Records supplied
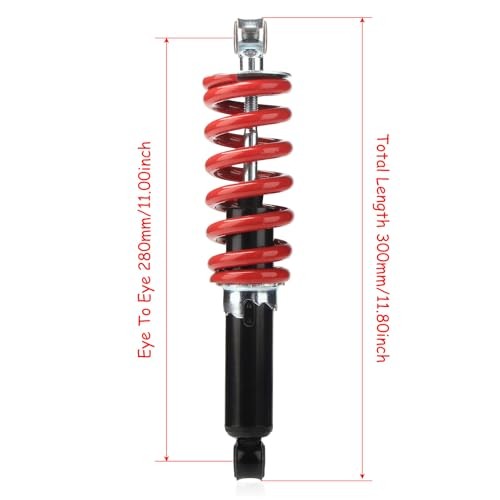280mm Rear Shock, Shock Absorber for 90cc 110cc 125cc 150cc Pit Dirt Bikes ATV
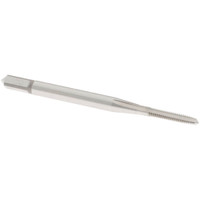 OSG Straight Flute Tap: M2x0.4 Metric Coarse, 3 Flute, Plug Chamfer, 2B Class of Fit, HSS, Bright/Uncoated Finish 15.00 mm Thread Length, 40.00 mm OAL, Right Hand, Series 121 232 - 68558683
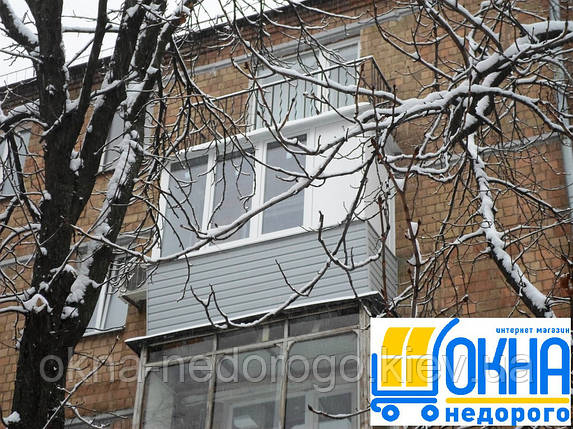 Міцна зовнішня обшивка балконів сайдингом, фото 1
* * *
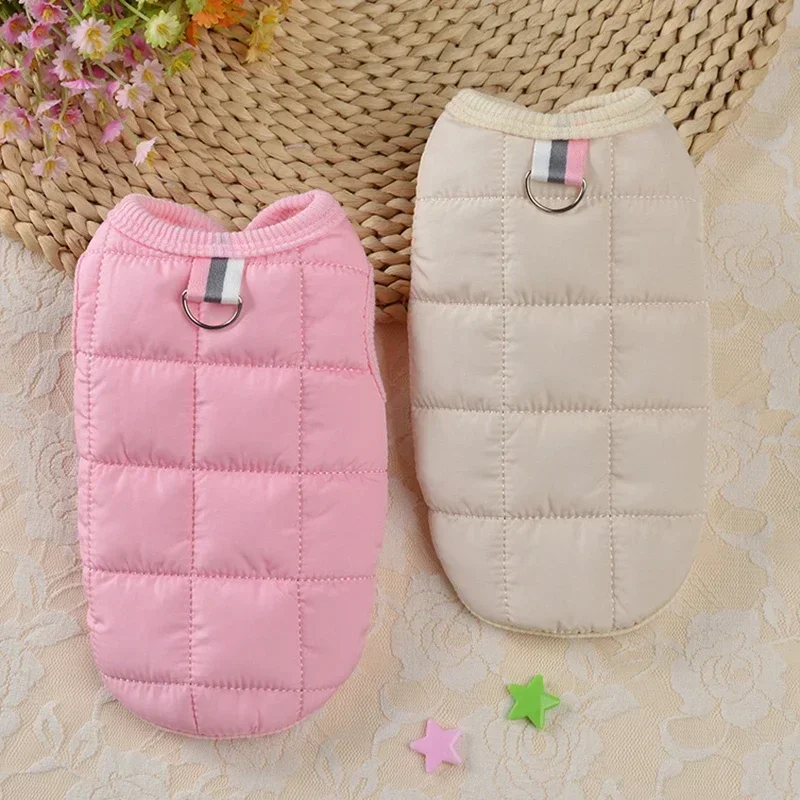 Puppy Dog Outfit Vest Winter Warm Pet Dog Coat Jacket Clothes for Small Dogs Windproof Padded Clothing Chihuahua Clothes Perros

Assignment
Pictures do not belong in the answer. Return the lines above starting at the one with "OSG Straight Flute" and ending at the one with "Міцна зовнішня обшивка", both kept, exactly.

Response to this exercise
 OSG Straight Flute Tap: M2x0.4 Metric Coarse, 3 Flute, Plug Chamfer, 2B Class of Fit, HSS, Bright/Uncoated Finish 15.00 mm Thread Length, 40.00 mm OAL, Right Hand, Series 121 232 - 68558683
 Міцна зовнішня обшивка балконів сайдингом, фото 1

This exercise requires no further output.